The ideal set up would be a topper on the back of the truck and just build a "workbench" in the back.


----------



## WWAtty (Feb 16, 2008)

If you get a ground floor motel room, and can park close enough to it, why not run an extension cord out the window to your truck?  At least bring along a 100' cord in case you get such an opportunity.

If the motel clerk comes out, quickly turn off the lathe and say you're merely charging your battery. 

Cheers.


----------



## kirkfranks (Feb 16, 2008)

Marc,

Not to get you too far off your current track, but maybe a better alternative.
You say that your job is teaching.  Where are you going to be teaching at?  
If it is a school do they have indrstrial arts facilities (code for shop classroom).  

If not is there a local community college around that does?  I have heard of some community college have good setup for woodworking.  Perhaps you can sign up for a "individual study" course in woodworking and use their shop as much as you need.  You would have to pay tuition, but would also have access to a real shop.  Might even have more and better tools than at home and could expand your work some.


----------



## barrels (Feb 16, 2008)

Ok...Mark.... Like me you are sick.... we need help..this addiction is most cunning. I thought when I started talking to wood and when I was driving, eating,working and being with my family all I thought about was turning pens... oh boy we are in trouble.... You got me though I neer thought of taking my lathe with me... hum...[][][:0]


----------



## jughead (Feb 17, 2008)

> _Originally posted by GoodTurns_
> 
> he turns tree trims down by the truck tail.....
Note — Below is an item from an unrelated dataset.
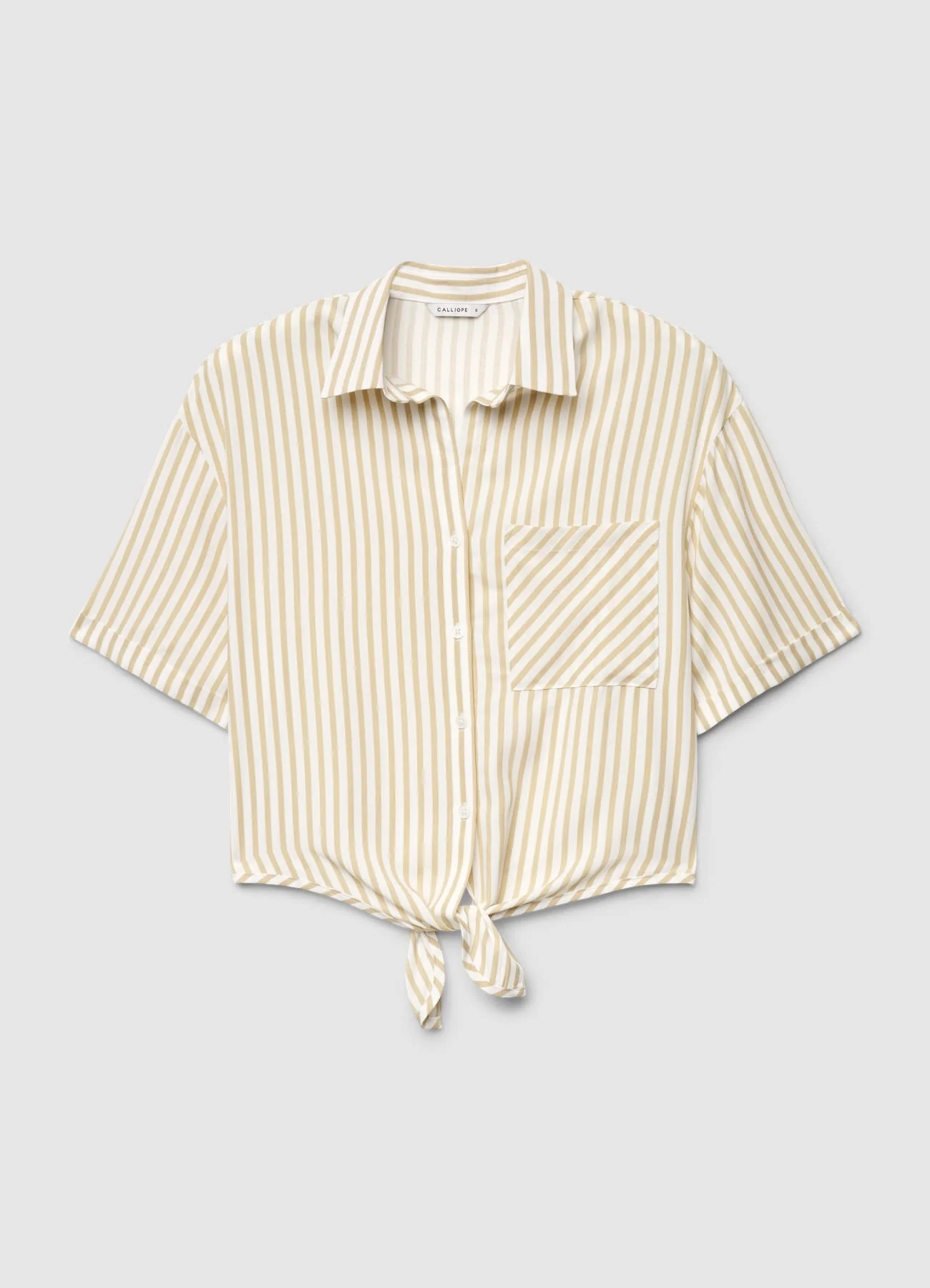 Camicia a righe con nodo frontale - Image 6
Now thats funny right there......... I don't care who you are


----------



## Draken (Feb 17, 2008)

Be careful about selling out of the back of your pickup.  Something about some pesky business licenses, vendor permits, no soliciting on the premises types of things.


----------



## Marc Phillips (Feb 18, 2008)

> _Originally posted by Ron in Drums PA_
> 
> 
> 
> ...



I knew that!

I LMAO at the image of me hiding in a remote corner somewhere.... sniffing CA and chattering to myself... []


----------



## Marc Phillips (Feb 18, 2008)

Still checking this out.... it is starting to look like I will be able to just run an extension cord at the places I was thinking about.... not sure about being right on the beach though... those folks are here to drink and uh.... other stuff and don't really look like folks who would fork out some serious money for a good pen... 

Maybe I should look into video taping .... could call it "Pens gone Wild"


----------